Exercise brief – Return each line of the listing exactly, though without its images.
━━ Given information
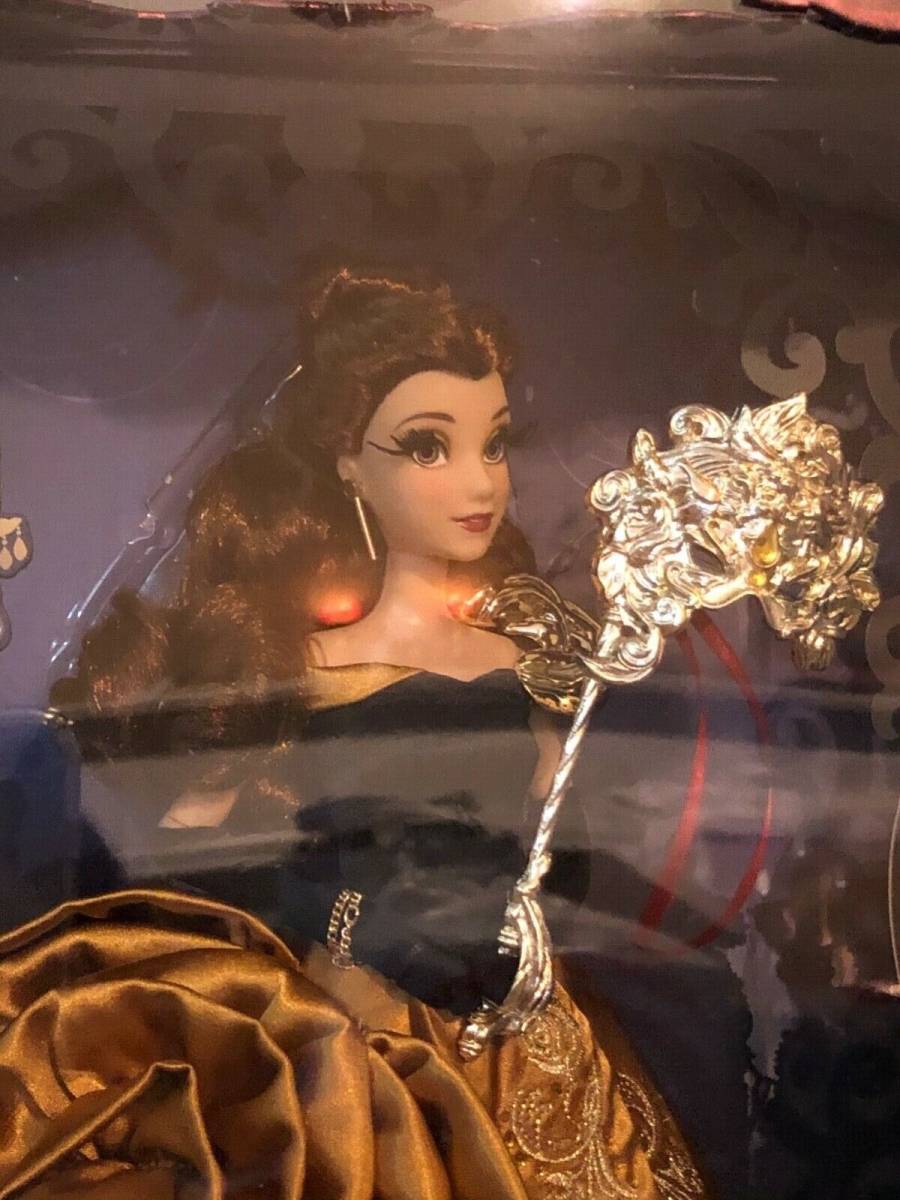 Disney Limited Edition Doll Midnight Masquerade BELLE - NEW IN BOX - SEE DETAILS 海外 即決 - 1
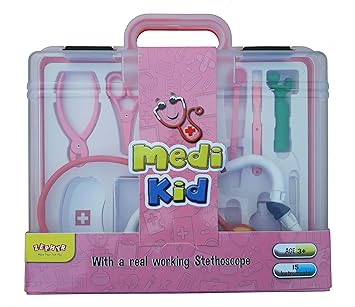 doctor set with working stethoscope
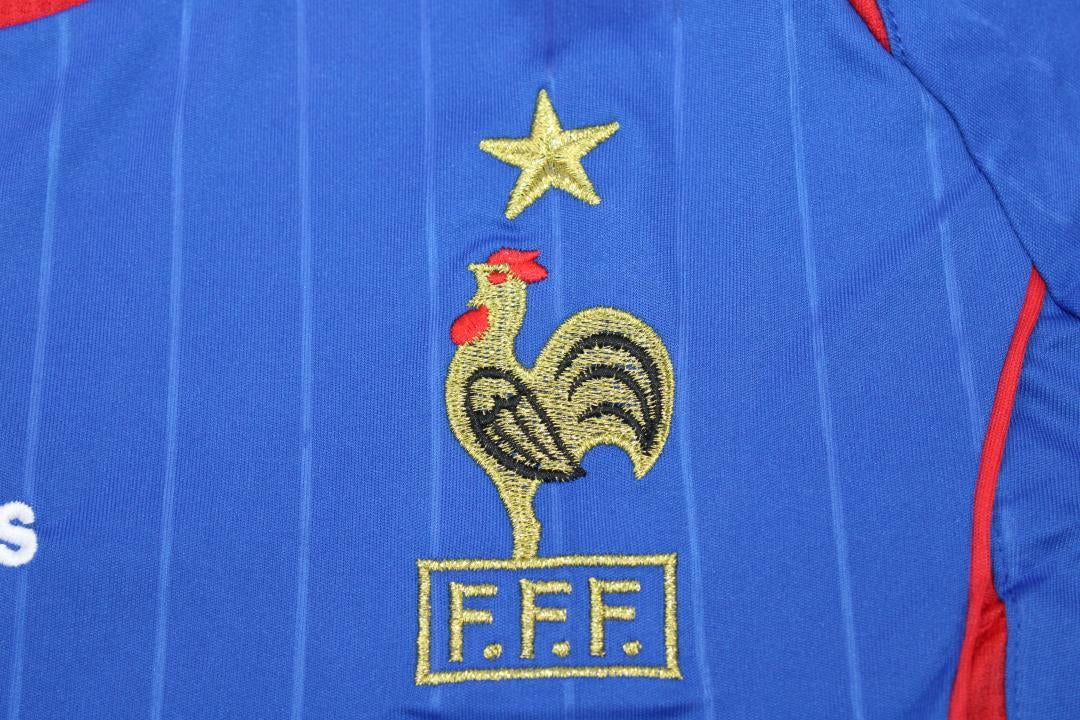 Camisa Retrô França Home 2006 "Zidane" N°10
━━━━
Output below –
 Disney Limited Edition Doll Midnight Masquerade BELLE - NEW IN BOX - SEE DETAILS 海外 即決 - 1
 doctor set with working stethoscope
 Camisa Retrô França Home 2006 "Zidane" N°10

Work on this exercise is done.